Legal process aimed to ensure internees were kept looked up

Documents reveal policy on Internment

Seamus McKinney, Irish News, 5 July 2010

A legal process put in place in the 1970s was manipulated to ensure as few internees as possible would be released, it has been revealed.

Documents uncovered by the Pat Finucane Centre in Derry also reveal that the RUC and British Army believed loyalists should not be interned because they presented no serious threat of violence.

This was despite atrocities such as the murder of 15 men, women and children in McGurk's bar in Belfast and the murder of five men in Annie's Bar in Derry by loyalists.

Paul O'Connor of the Pat Finucane Centre (PFC) said the documents were important because they showed the lack of due process in internment and the state's attitude to extreme loyalist violence at the time.

On August 9 1971 hundreds of Catholic men were taken from their homes and interned by the Stormont regime, backed by the RUC and British army.

Up until 1973 internment was used only to arrest and hold Catholics.

While Protestants and loyalists were interned after 1973, the numbers were miniscule in comparison with Catholics.

Now recognised as one of the most inflammatory acts carried out against nationalists, many innocent men spent years in Long Kesh as a result of internment.

Following the introduction of internment a commission system was put in place to examine the cases of each man interned and to decide if he should be kept in custody.

However, the documents uncovered at Kew National Archive by the PFC show the British army chief of staff knew the commission system was abused.

The documents include minutes of a meeting between the chief of the general staff of the British army, Lord Carver and the permanent under secretary for Northern Ireland on June 15 1973.

The Permanent Under Secretary told Lord Carver the commission system was "fair and accurate."

But he then said: "They [the authorities] had succeeded in only putting to the commission those cases which they felt would be turned down; 180 of the 200 men put before the commissioners had had their detention confirmed."

Sinn Fein assembly member Raymond McCartney went through the commission following his internment in October 1973.

Mr McCartney recalled that the commission was made up of retires South African judges who heard evidence - quite often anonymous witnesses sitting behind curtains.

"I remember there were seven or eight charges against me and it was ruled that the evidence in all but one was inconclusive," he said.

"But a British soldier gave evidence in the open.

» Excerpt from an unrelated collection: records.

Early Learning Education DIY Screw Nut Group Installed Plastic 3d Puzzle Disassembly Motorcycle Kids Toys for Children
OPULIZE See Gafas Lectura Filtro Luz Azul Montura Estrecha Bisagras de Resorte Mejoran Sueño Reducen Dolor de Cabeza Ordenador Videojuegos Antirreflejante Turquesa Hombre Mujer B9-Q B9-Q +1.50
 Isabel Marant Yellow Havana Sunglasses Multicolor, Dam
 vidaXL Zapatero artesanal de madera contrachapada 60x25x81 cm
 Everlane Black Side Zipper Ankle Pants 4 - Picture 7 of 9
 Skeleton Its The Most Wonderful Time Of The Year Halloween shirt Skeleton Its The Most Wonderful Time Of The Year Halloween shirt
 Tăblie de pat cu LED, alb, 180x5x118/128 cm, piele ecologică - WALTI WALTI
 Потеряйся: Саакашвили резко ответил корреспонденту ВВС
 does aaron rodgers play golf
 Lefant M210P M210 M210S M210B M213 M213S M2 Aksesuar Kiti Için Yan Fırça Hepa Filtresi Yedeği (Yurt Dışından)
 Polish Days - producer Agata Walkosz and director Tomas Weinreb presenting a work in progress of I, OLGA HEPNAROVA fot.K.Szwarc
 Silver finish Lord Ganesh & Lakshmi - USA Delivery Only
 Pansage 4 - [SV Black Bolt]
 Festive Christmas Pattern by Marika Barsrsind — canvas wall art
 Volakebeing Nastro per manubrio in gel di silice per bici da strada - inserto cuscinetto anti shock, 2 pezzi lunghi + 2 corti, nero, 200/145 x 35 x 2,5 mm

He was actually the soldier who charged me with possession of a firearm in October 1972. I was actually acquitted in court of that charge on 15th February 1973 so the only evidence to intern me was a charge I had been acquitted of."

Mr McCartney said the commission system was a means by which the British government could claim that it wasn't interning people but "detaining them."

In his book on the internment, the late John McGuffin recall some of the more ridiculous evidence put forward at the commission hearings.

"One man was accused of 'being suspected of being responsible for robbing a post office in 1943'. Another was accused of causing 650 explosions in a six-month-period," the author said.

On another occasion even the commissioners queried the evidence when the witness voice from behind the curtain said: "I know nothing about this charge. I am only reading it off the sheet."

McGuffin, who was the first Protestant to be interned [in 1971], concluded: "On such hearsay nearly 300 men rotted for another winter in Long Kesh."

A second document uncovered by the PFC records a meeting in December 1974 between NIO officials and representatives of the attorney general's office, treasury solicitors, the Foreign and Commonwealth Office, the Home Office and the Ministry of Defence.

A representative of the attorney general asked why only Catholics were interned before 1973.

He was told by BB Hall of the treasury solicitor's department: "In view of the security forces there was no serious Protestant threat in that period of a kind which led to death an serious injuries."

During the period referred to, loyalists were guilty of some of the most heinous attacks of the Troubles.

These included the bombing of McGurk's bar at North Queen Street in Belfast on the night of December 4 1971. Ten men, three women and two children died in the bombing.

On the night of December 20 1972 five men were shot dead, believed to be by the UDA, at Annie's Bar in Derry's Gobnascale.

According to the Lost Lives database of Troubles deaths, in 1972, loyalist paramilitaries were thought to be behind more than 120 murders across Northern Ireland.

PFC spokesman Mr O'Connor said: "On one level, it is almost like Monty Python. They say the commission is fair but as a result they do not send the cases of innocent men in case they are released."

Mr O'Connor said the documents showed British authorities were quite willing to ignore due process to keep hundreds of men interned in world war two huts for years.